Gender Justice Law & Sensitization
The people with a preference for homosexuality, lesbianism, gay, transgenderism, and queer (LGBTQ) and cross dressings are illegal in many Muslim countries like Saudi Arab, UAE and a sizable section of Muslim community in India consider these orientations and punishable offensive with prison terms. Therefore, the issue of gender justice in Muslim Personal Law has not been attended sensitively, and it was always entwined with a controversial issue of Uniform Civil Code (UCC) that has deflected the larger issue of gender justice. The UCC has been floated as a plausible alternative to achieve the unachievable in the present circumstances. There is no attempt to decipher and define the contours of the UCC about marriage, divorce, maintenance, inheritance rights, matrimonial property rights and custody of children, etc. Presently, these are the contentious issues simmering in all the religious communities, and all communities consider their religious laws and practices inviolable and unimpeachable to the hilt. For example; the position of Hindu community is dicey and volatile on the dilution of HUF (Hindu Undivided Family) that brings them huge tax concessions and exemptions and other benefits. Therefore, there cannot be utopian UCC likely to be a launch pad for social reforms and gender justice in future. The women movements and organizations like AIDWA (All India Women’s Democratic Association) have been spearheading the cause of equal rights and equal laws for the women and girls to ensure gender parity in all communities in India. AIDWA has supported the significant movement led by Mary Roy for women’s inheritance rights of the Syrian Christian Women. However, a large section of the Christian clergy has started a campaign to demand that the Christian Personal Laws relating to marriage, divorce, and inheritance must be reformed while taking into global norms of gender justice. Among the Muslims, after the Triple Talaq, the practices of Halala, and polygamy must also be addressed with greater vehemence and vitality.
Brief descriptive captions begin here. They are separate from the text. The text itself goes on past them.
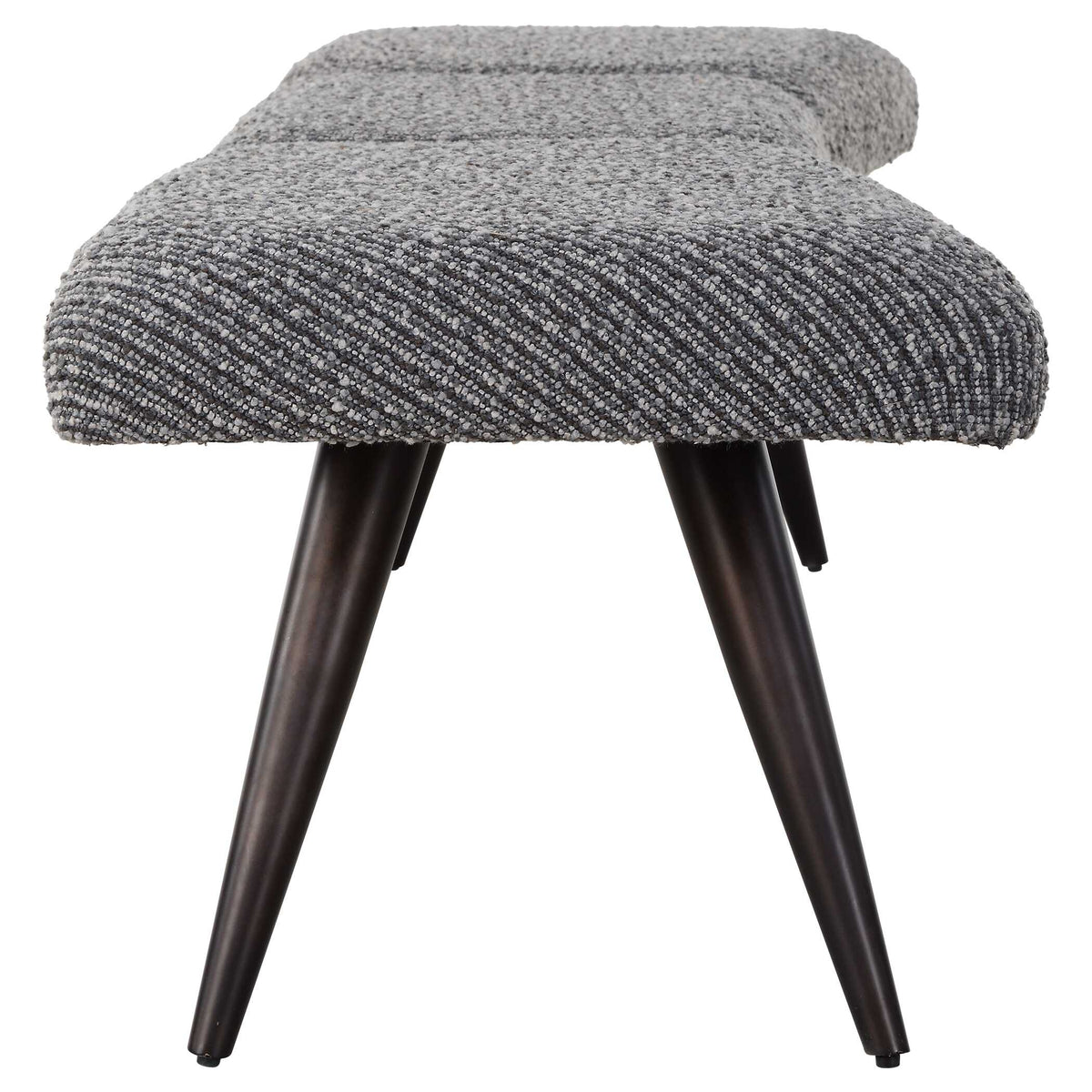 Bowtie Charcoal Fabric Bench - Ornate Home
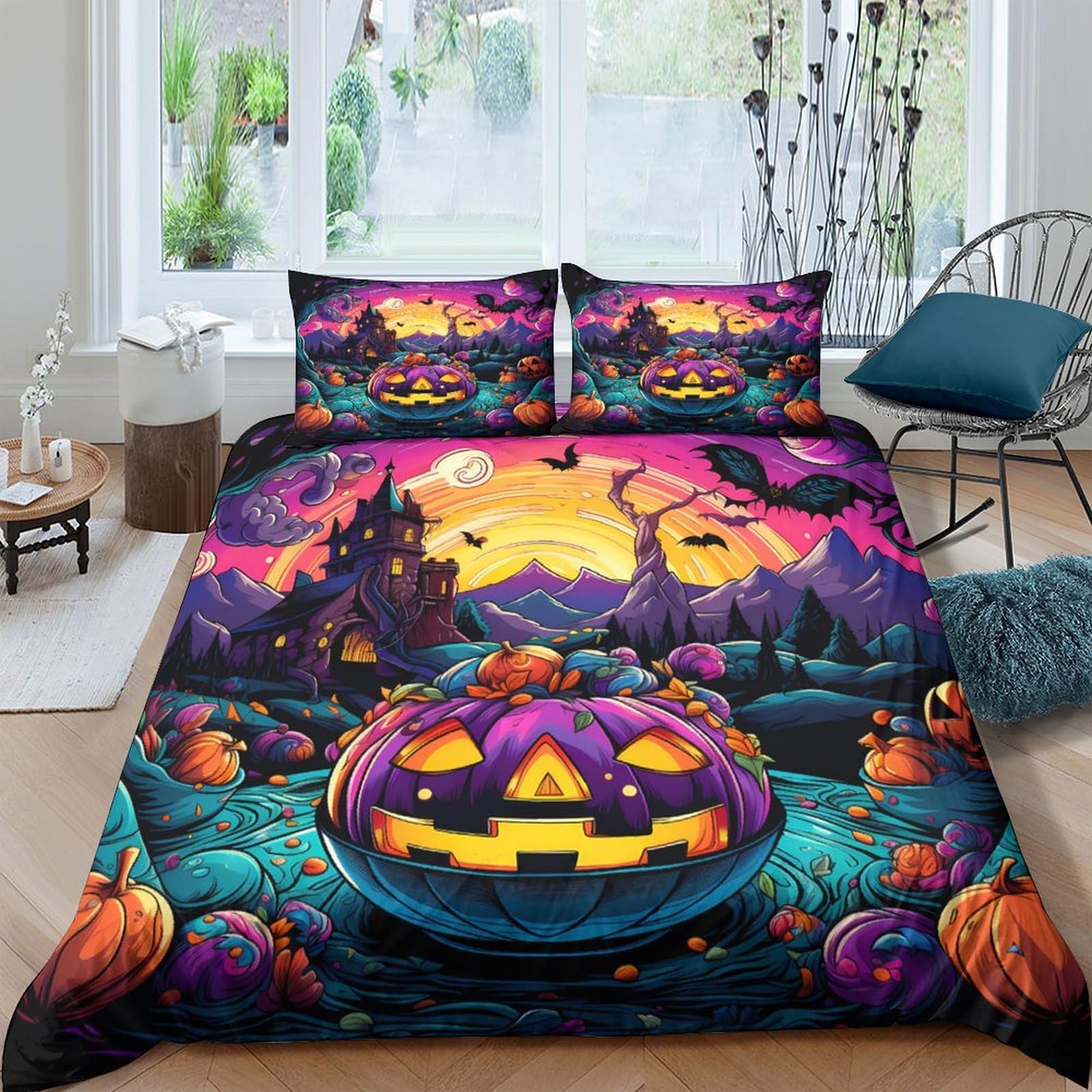 Ctjqhvkz Style-1 3D Printed Halloween Pumpkin Castle Fitted Sheet Microfiber Soft Mattress Cover For Bedroom Dorm Guest Room Decor Single（135X200cm）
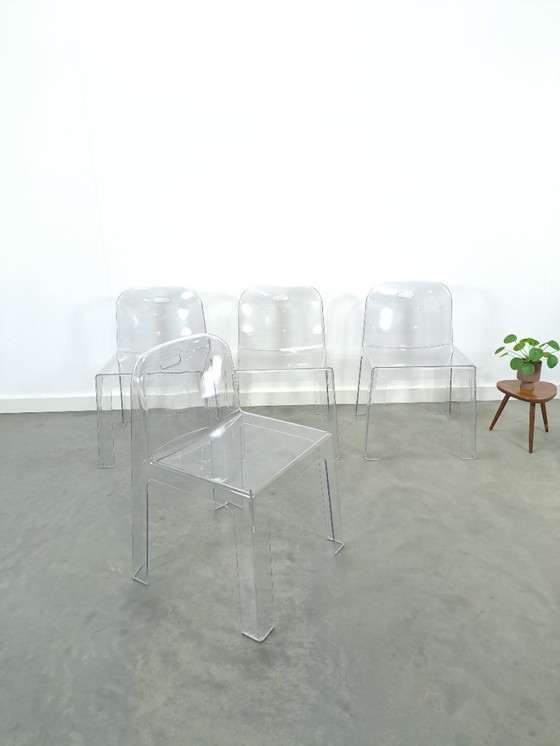 Image 1 of Design plexiglas stapelbare stoelen Trono by Sottsass Associati 2005 Segis Italy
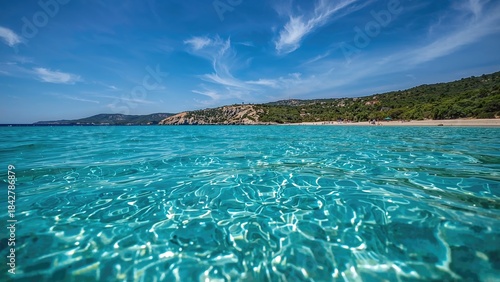 Fototapeta Naklejka Na Ścianę i Meble -  A clear blue sea with a coastline and sky in the background.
There are many relevant provisions of the Indian Penal Code (IPC), 1860 like Sections 294 [singing lewd songs and demanding sexual favours], 354 (A) [Making unwanted physical contact] (C) [Voyeurism] & (D) [Stalking], 503 [Criminal Threat], 499 [Morphing pictures of women], 509 [Making sexually coloured remarks against women], Section 67 [posting any obscene or defamatory material on online platforms] of the Information Technology Act, 2000, There are some legislations enacted like Domestic Violence Act, 2005, Prohibition of Dowry Act, 1961, and the Sexual Harassment of the Women at Workplace-Prevention, Prohibition and Redressal-Act, 2013 and other laws and judicial guidelines against sexual harassment; rape and incidental offences laid down in the matter of Vishaka v. State of Rajasthan & Others that have been appreciated through the lenses of gender equality. The SC had perceived sexual harassment in the workplace as a social problem of considerable magnitude based on discriminatory tendencies against women. The court stated that “Gender equality embraces protection from sexual harassment and the right to work with dignity, which is a universally recognized fundamental human right.” In reality, it is the Libidinal Perversion Gratification (LPG) mindset of the menfolk that works against the women in the public space as well as on the internal walls. All these laws have been enacted under the mounting pressure, but there are many violations of these statutes than the compliance with their provisions. The implementation of these laws has become the biggest challenge in the wake of entrenched patriarchy in all the religious communities in India. The patriarchal mindset has seeped deep into the government and its instrumentalities resulting in the incremental incidences of crimes against women. Thus, it is time to implement these legislations without brooking an iota of discrimination and to establish India as a modern liberal democracy.
Supreme Court of India
The constitution bench of five-judges of the Supreme Court (SC) of India has delivered the historical and unprecedented judgment and rightly banned and declared the practice of unilateral Triple Talaq (also known as Talaq-e-Biddat—Innovative Divorce) unconstitutional and ultra-vires of the Constitution of India. It is now unequivocally established that Triple Talaq is not fundamental to the religion of Islam in India that has often been misused whimsically against Muslim women contrary to gender jurisprudence evolved by the SC and principles of equality as ordained in the Constitution of India, international human rights law, and Holy Quran. The judgement has the guidance from Muslim Law in India and Abroad by Prof. Tahir Mahmood, and SC has identified as many as 19 countries including Egypt, Pakistan, and Turkey and other nation-states from Arab peninsula, South-East Asia, and South Asia that have abolished Triple Talaq and SC has consulted and cited the laws of these countries. This judgment is not against any individual or any institution, organization or religion of Islam rather the true meaning and spirit of the Holy Quran has been delineated on the idea of individual rights, the rule of law, and human rights enunciated in the Constitution of India.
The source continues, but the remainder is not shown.